━━━ Given entries ━━━
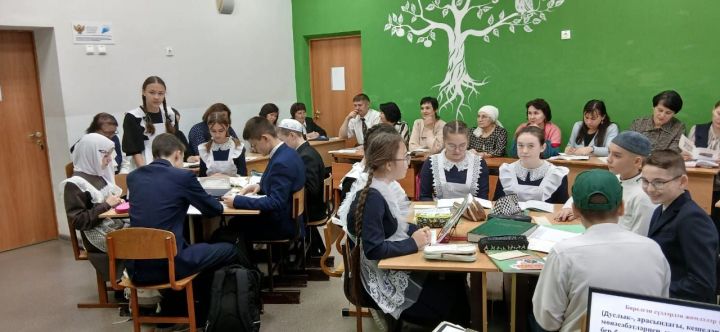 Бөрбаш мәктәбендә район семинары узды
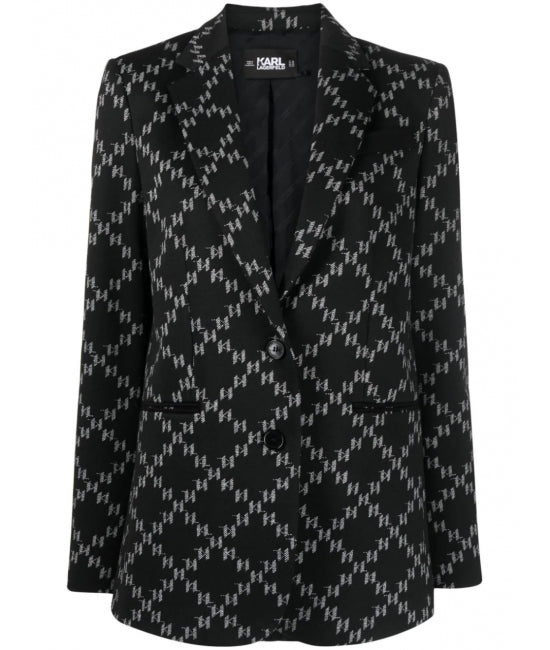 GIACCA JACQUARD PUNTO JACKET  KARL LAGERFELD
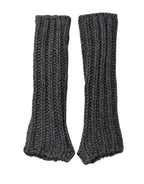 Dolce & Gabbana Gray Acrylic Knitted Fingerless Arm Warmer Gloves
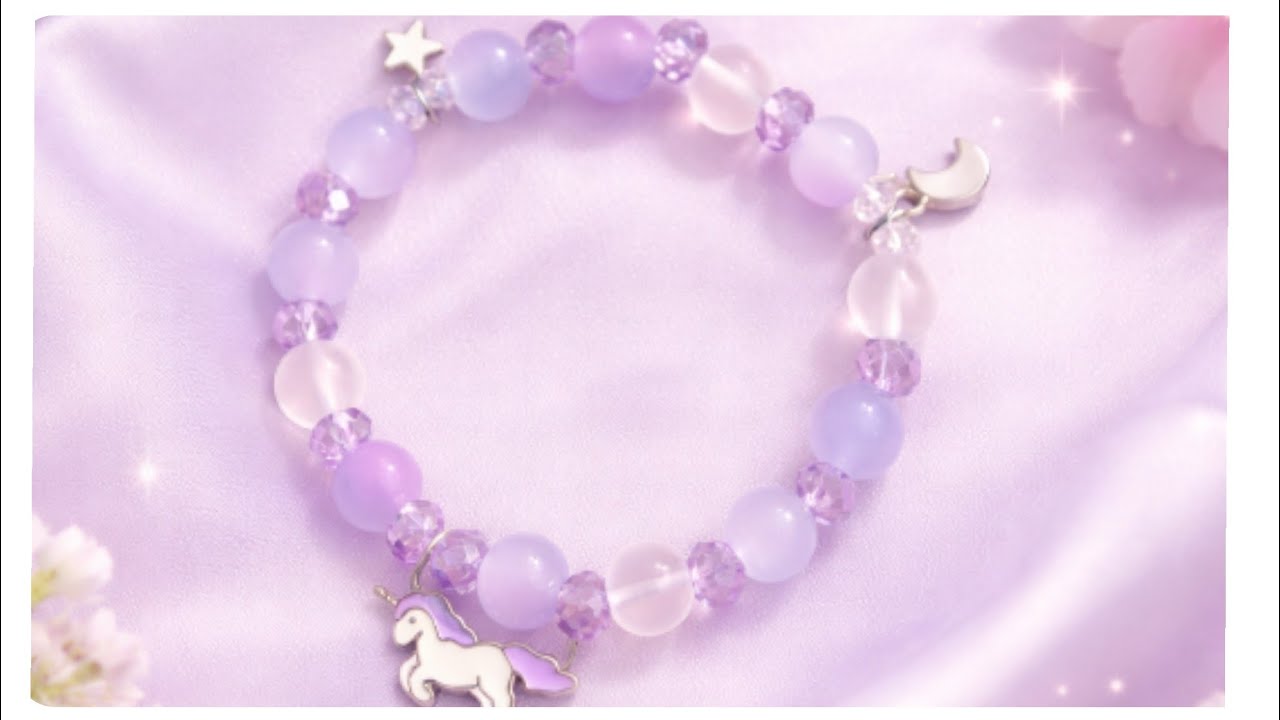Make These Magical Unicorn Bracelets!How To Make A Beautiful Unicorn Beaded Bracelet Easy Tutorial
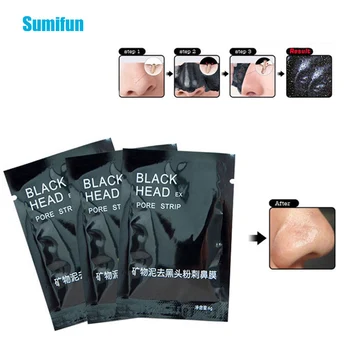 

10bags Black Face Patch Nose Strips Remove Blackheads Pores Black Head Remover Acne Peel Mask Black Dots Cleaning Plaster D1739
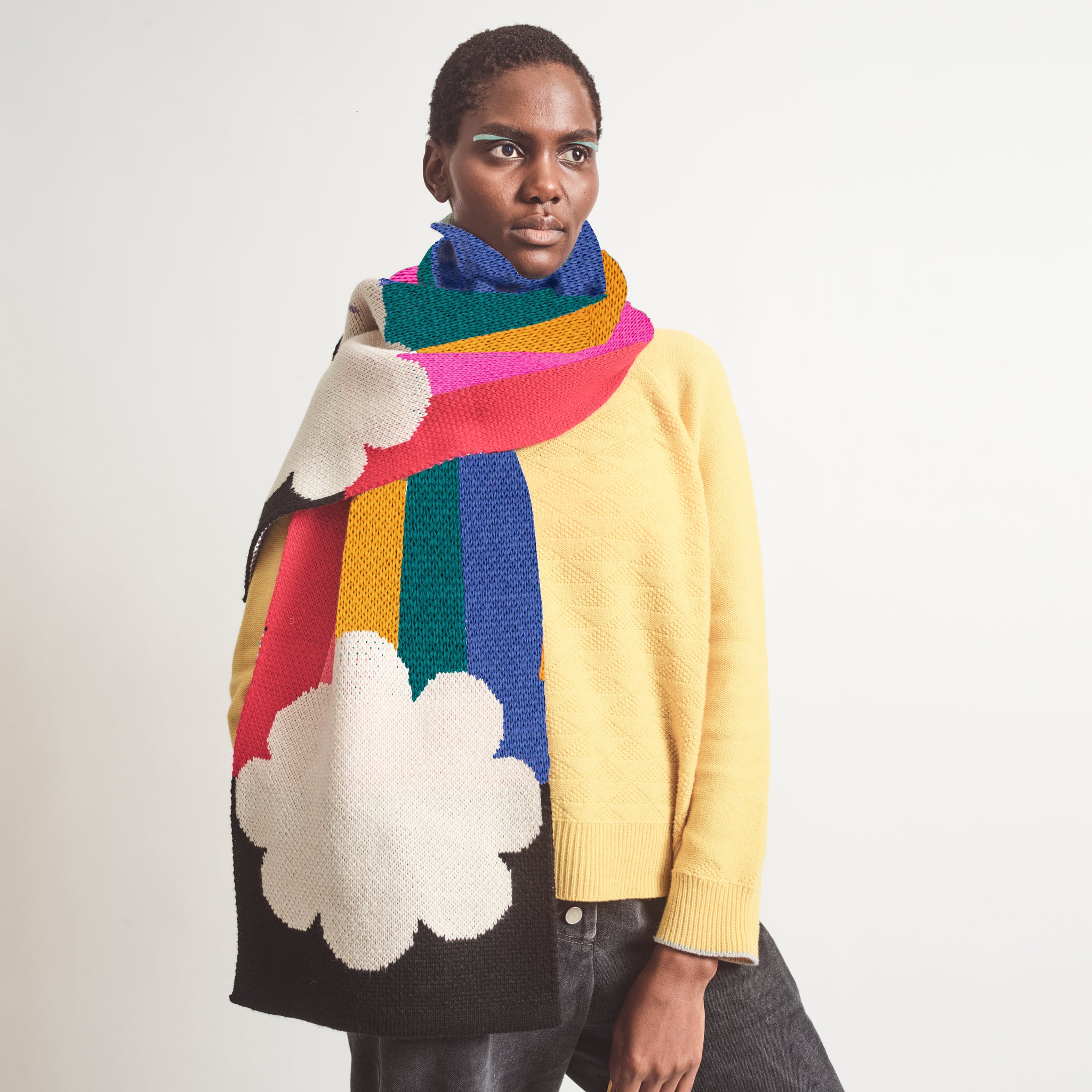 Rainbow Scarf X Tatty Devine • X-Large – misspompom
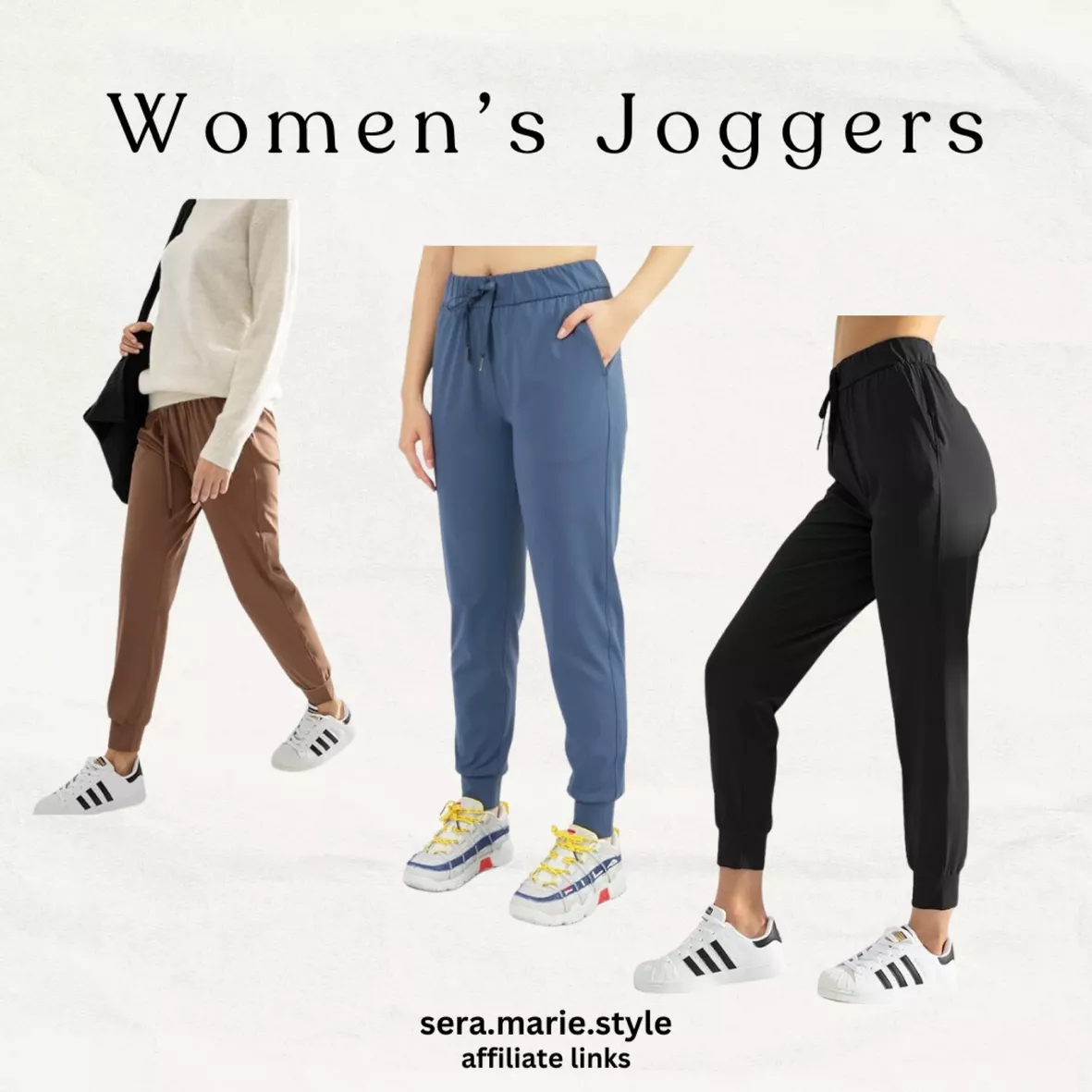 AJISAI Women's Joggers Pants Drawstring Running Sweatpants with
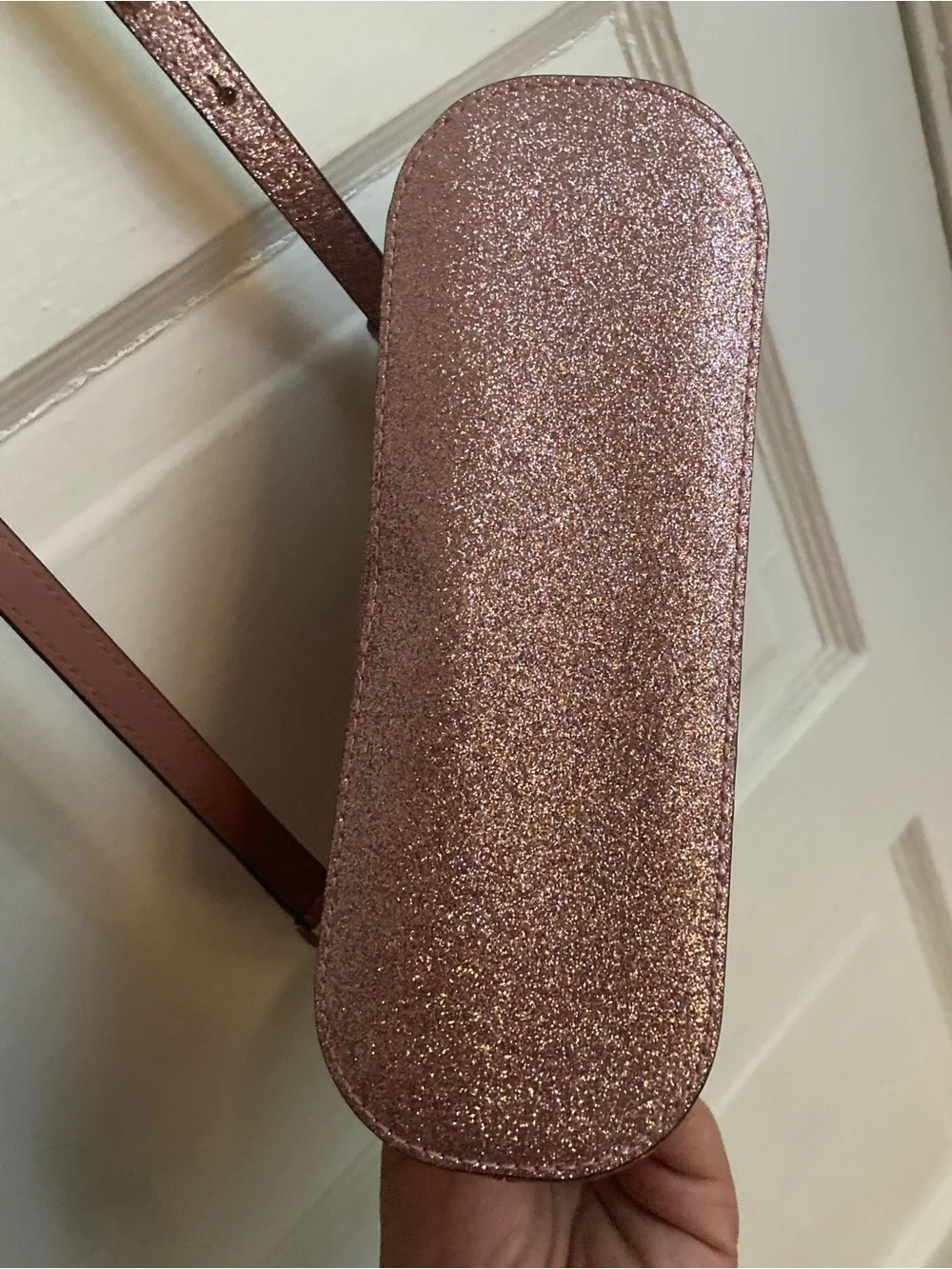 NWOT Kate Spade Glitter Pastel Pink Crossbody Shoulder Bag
━━━
# Problem details:
Your copy should start at the line with "Rainbow Scarf X", stop at the last line of the listing above, match exactly, and contain no pictures.

# Response box:
 Rainbow Scarf X Tatty Devine • X-Large – misspompom
 AJISAI Women's Joggers Pants Drawstring Running Sweatpants with
 NWOT Kate Spade Glitter Pastel Pink Crossbody Shoulder Bag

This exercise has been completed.